What materials are available for conventional bridges?

A

All metal- gold, nickel/CoCr, stainless steel
Metal ceramic
All ceramic- zirconia, lithium disilicate
Ceromeric (not commonly used anymore)

51
Q

What cement are you going to use for each bridge design?

A

All metal conventional- aquacem or relyX
Metal ceramic- aquacem or RelyX
Adhesive/resin bonded- Panavia 21
All ceramic- NEXUS kit

52
Q

Why is a distal cantilever not advisable?

A

The occlusal forces will be directed on the Pontic, producing leverage forces on abutment tooth causing it to tilt.

May consider it for a premolar abutment if unopposed or opposed by a denture

53
Q

If a patient asks how long their bride is likely to last, what would you tell them?

A

Adhesive bridge- 80% survival rate at 5 and 10 years.
Conventional fixed-fixed MC- 93% at 5 years, 89% at 10 years
Conventional fixed-fixed caeramic- 88% at 5 years
Conventional cantilever bridge- 91% at 5 years, 80% at 10 years

54
Q

For study casts, in a dentate patient, what stone is used to cast the impressions?

A

100% dental stone

55
Q

What is the purpose of a face bow transfer?

A

To articulate the casts with the same relationship of the maxilla to the condyles.

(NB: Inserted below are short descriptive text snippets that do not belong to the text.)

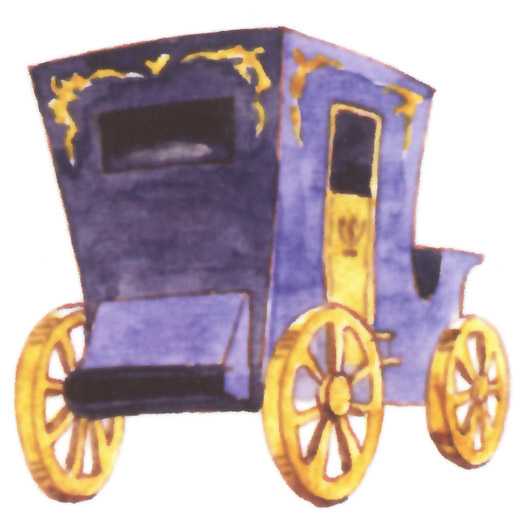 акварель "карета"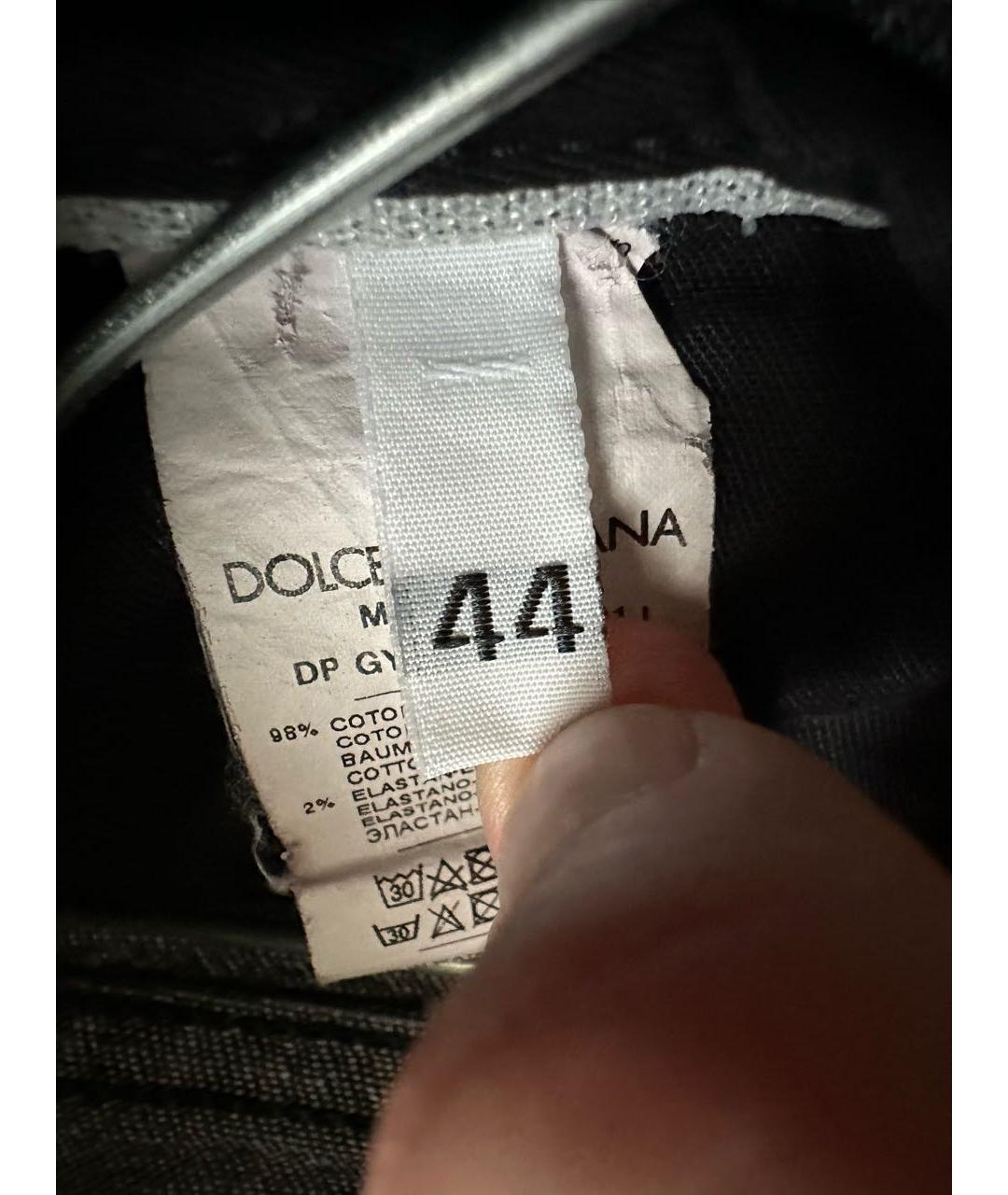 DOLCE&GABBANA Антрацитовые джинсы, фото 5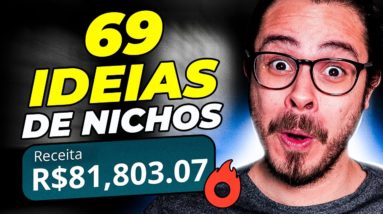 69 ideias de Nichos LUCRATIVOS p/ ganhar dinheiro na internet (+PDF Grátis)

Can facilitate a more accurate representation of the excursive movement between the casts on the articulator.

56
Q

What technique can be used which utilises a diagnostic wax up, in order to provide a provisional restoration?

A

Impressions- construct study casts.
Diagnostic wax up of the proposed restorations.
Another impression of the wax up and create a vacuum formed splint.
Use this as a guide to make a temporary restoration- using direct composite without bond.

Can also use this technique as an intra-oral diagnostic wax up.

57
Q

What is the purpose of Oxyguard in Panavia?

A

Panavia is an anaerobic setting cement- the oxyguard prevents oxygen from interfering with the cement setting process.

Also contains a polymerisation accelerator- more efficient set.

58
Q

What prep is required for an anterior adhesive cantilever bridge?

A

No prep required if there is 0.7mm of inter occlusal space for the retainer.

May want to do a 0.5mm chamfer line palatally or lingually to increase retention of the retainer.

If you are prepping the tooth, make sure to stay within enamel so that you don’t induce sensitivity.